**Directions for this task**: Excerpt from the entries below: please repeat exactly the lines from the one containing "Minstreellaan 22 Oostvoorne thumbnail 32" through the last one, both ends included, with no pictures.

**Input data**:
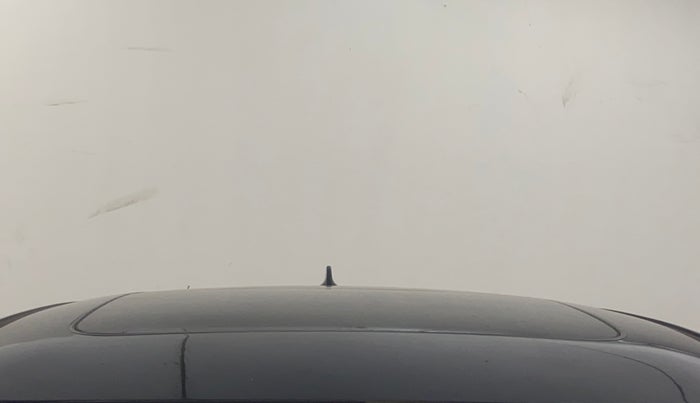 2020 Tata Harrier XZ PLUS 2.0L, Diesel, Manual, 64,706 km, Moonroof/ Sunroof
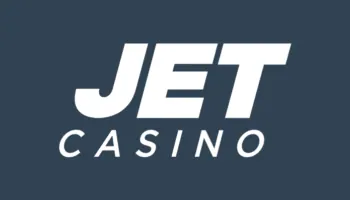 Jet Casino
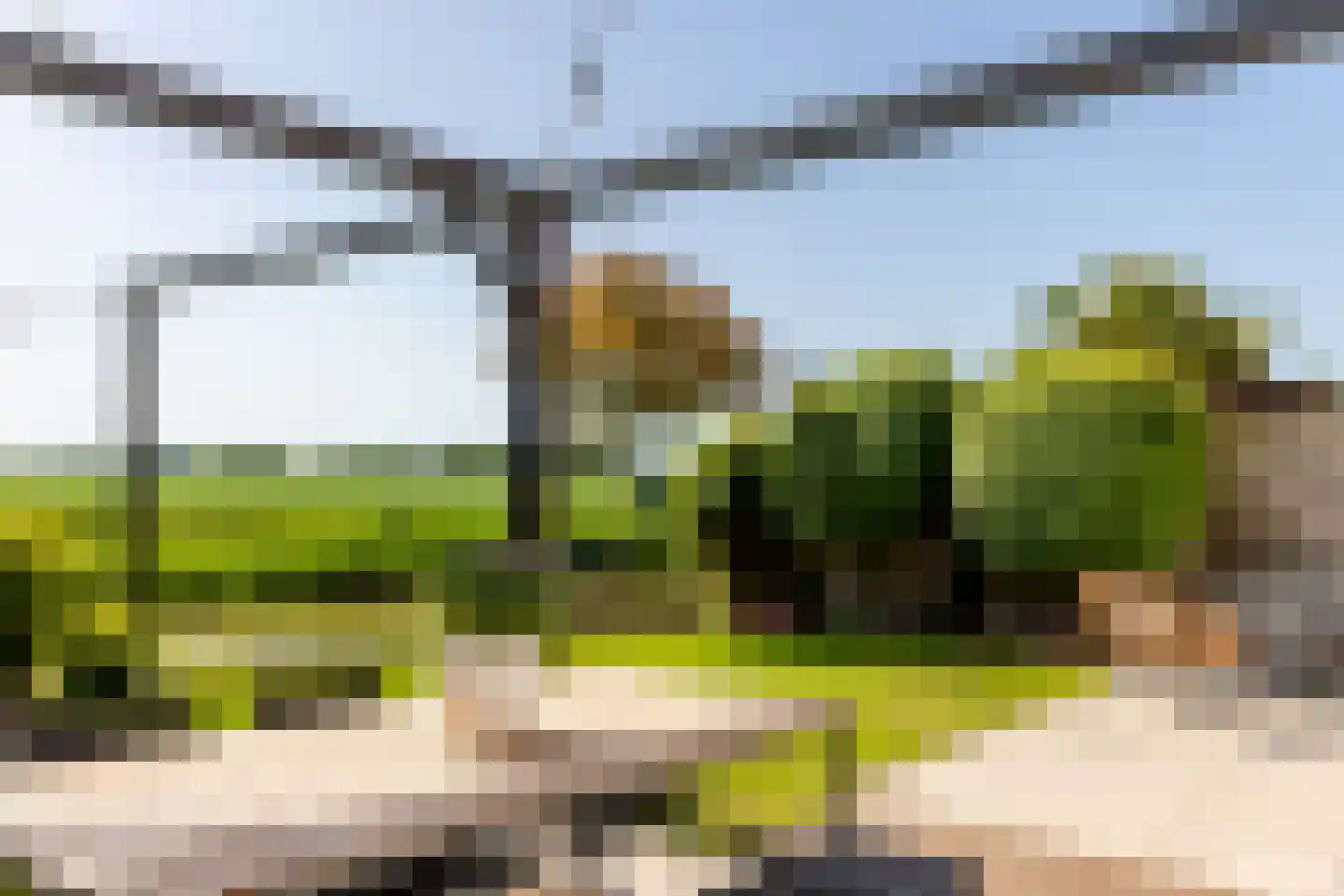 Minstreellaan 22 Oostvoorne thumbnail 32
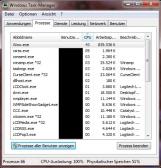 Angehngtes Bild: tm.jpg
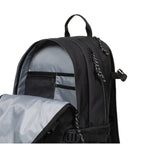CS Black Pro - EASTPAK Sac à dos moyen Getter Pro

**Reply**:
 Minstreellaan 22 Oostvoorne thumbnail 32
 Angehngtes Bild: tm.jpg
CS Black Pro - EASTPAK Sac à dos moyen Getter Pro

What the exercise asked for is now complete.